Wimbush inducted into WSSU Hall of Fame
By Steve Roush
Published in Sports on June 28, 2006 2:28 PM
Michael Winbush never dreamed he'd be a hall of famer.
A football and baseball standout at Goldsboro High, Winbush was a star quarterback at Winston-Salem State in the early '80s while also playing minor league baseball in the Texas Rangers organization.
In the fall, he threw spirals. In the spring and summer, he threw fastballs.
And he did both extremely well.
Now a high school football coach, Winbush, 45, will be one of 15 former Rams who will be enshrined into the Clarence E. "Big House" Gaines Athletic Hall of Fame in September.
"The most prestigious thing an athlete can accomplish is to be inducted into a hall of fame," Winbush said on Monday. "Just to be called a hall of famer is something I'll cherish for the rest of my life."
The induction will take place Friday, Sept. 8, and the 15 will also be honored at Winston-Salem State's first home football game the next day against South Carolina State.
Winbush, who grew up in Goldsboro with nine brothers and one sister, credits his family for much of his success and will be looking up to the stands at those familiar faces on that September afternoon.
"My mother and father raised me well, and to see them, my brothers and my sister in the stands one more time will be special," he said. "They all used to come see me play."
One brother, Jeffrey, played tight end with the Rams while Michael was running the offense. He remembers when his brother was the big man on campus.
"He was an outstanding football player and a team leader," said Jeffrey, 45. "He was a great all-around player -- he ran the ball well and he threw it well, too. He was our general on the field."
Michael is modest when talking about his playing days.
"I'm just a lucky guy from Goldsboro," he said. "I had a good line in front of me during my playing days at Goldsboro and at Winston-Salem State. A lot of credit goes to my teammates."
Michael graduated from Goldsboro High in 1980, and played with the Rams from 1980-84. He signed with the Rangers in 1982, and advanced to the Triple-A level before elbow problems forced him to retire in '87.
After his playing days were over, Winbush coached 12 years at his alma mater and served those final eight years as the Rams' offensive coordinator. He moved on to Norfolk State for a year as an offensive coordinator, then served in the same capacity at Virginia State for a year.
He's now entering his second season as head football coach at Atkins High in Winston-Salem. With a young team comprised of entirely freshmen and sophomores, his squad went 1-10 in 2005.
"This year, we'll have a junior class, and the following year, we'll finally have a senior class," Winbush said. "Strength is the key -- if these guys keep working hard in the weight room, we'll improve. I expect us to be a whole lot better this year."

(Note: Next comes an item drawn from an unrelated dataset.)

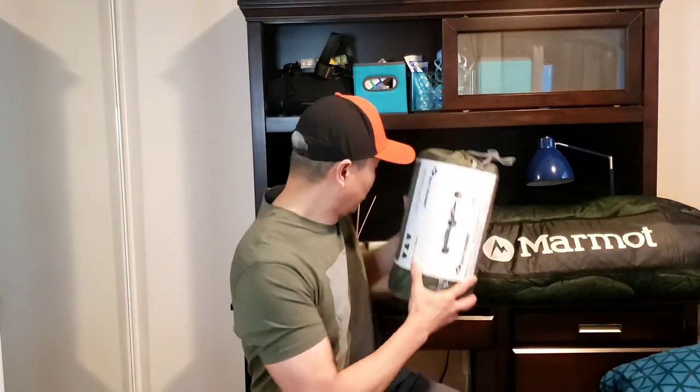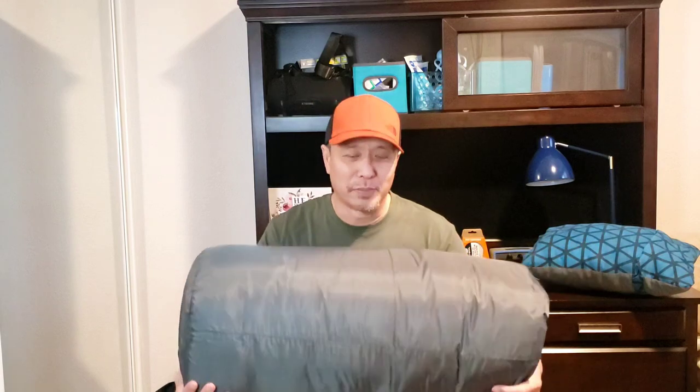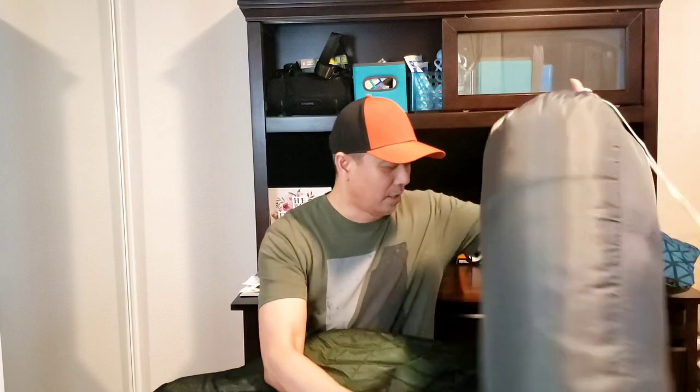We'll start with the Marmot. This is my new Marmot Diesel. I got the 30-degree, so I can probably go down to around minus one degree Celsius. Since I don't really do much winter camping, I think this is okay — it's also nice for the Philippines, probably good down to 40 degrees. I've been using the old Coleman sleeping bag, which is a mummy type. It's really big and heavy — it goes down to zero degrees Fahrenheit. I can use it for winter, but I don't do much winter camping, so I got this new sleeping bag which is really light at around two pounds. This is the Marmot Diesel.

ESPN columnist, NBA analyst, and host of "Quite Frankly," Stephen A. Smith, will also be inducted into the Winston-Salem State Hall of Fame in September, as will Anthony Blaylock (football); Debra Rivers Johnson (cheerleader coach); Marshall Emery (men's basketball); Oronde Gadsen (football); Eddie Gregg (football); Alfred Harvey (meritorious service); Willie Jordan (football); James McLinnaham (wrestling); Marvin Morrison (football); Keith Wilkes (football); Curtis Richardson (football); Verdell Sanders (wrestling); and Allean Sims (meritorious service).